Course Outcome
| CO1 | Illustrate the need for mathematical models and various model examples. |
| CO2 | Apply various techniques for power flow modelling. |
| CO3 | Illustrate modelling methods for renewable energy systems, HVDC and STATCOM. |
| CO4 | Analyze the effect of uncertainty and to develop various energy probabilistic models. |
| CO5 | Develop solutions for differential modelling methods in standard test systems. |
Course Articulation Matrix: Correlation level [ 1: low, 2: medium, 3: High]
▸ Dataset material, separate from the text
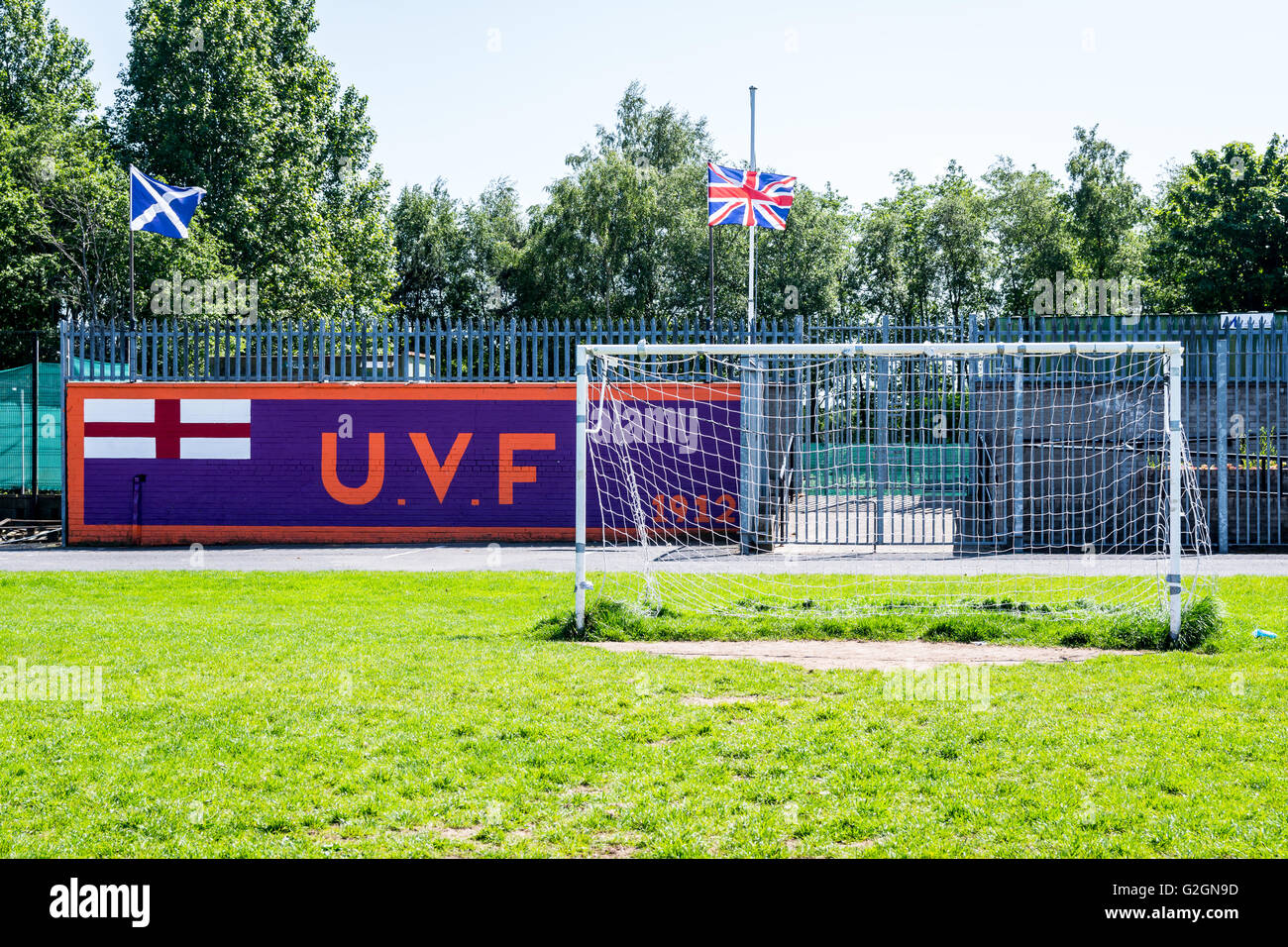 UVF murale accanto al campo di calcio in Sydenham area di East Belfast. Foto Stock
| PO | PO1 | PO2 | PO3 | PSO1 | PSO2 |
| CO | |||||
| CO1 | 1 | – | 1 | – | – |
| CO2 | 2 | – | 2 | – | – |
| CO3 | 2 | – | 2 | – | – |
| CO4 | 2 | – | 2 | – | – |
| CO5 | 2 | – | – | – | – |
Energy system modelling: background, motivations, modelling physical systems, time scales of power system dynamics, energy system architecture, energy system scripting, Synchronous machine modelling. Analysis of energy systems: power flow analysis, modelling and solution by Newton Raphson method, continuation power flow analysis, modelling, and solution by homotopy methods, optimal power flow analysis, modelling, and solution by gradient method. Modelling of Renewable Energy: operation of PV & Wind energy systems, frequency impact& voltage analysis, modelling of solid oxide fuel cell and battery energy storage. Modelling of HVDC transmission system and voltage source converter, modelling of STATCOM and analysis. Dealing with uncertainty and probabilistic techniques: uncertainty power flow analysis and probabilistic optimal power flow analysis. Case studies of various analyses on standard IEEE test system.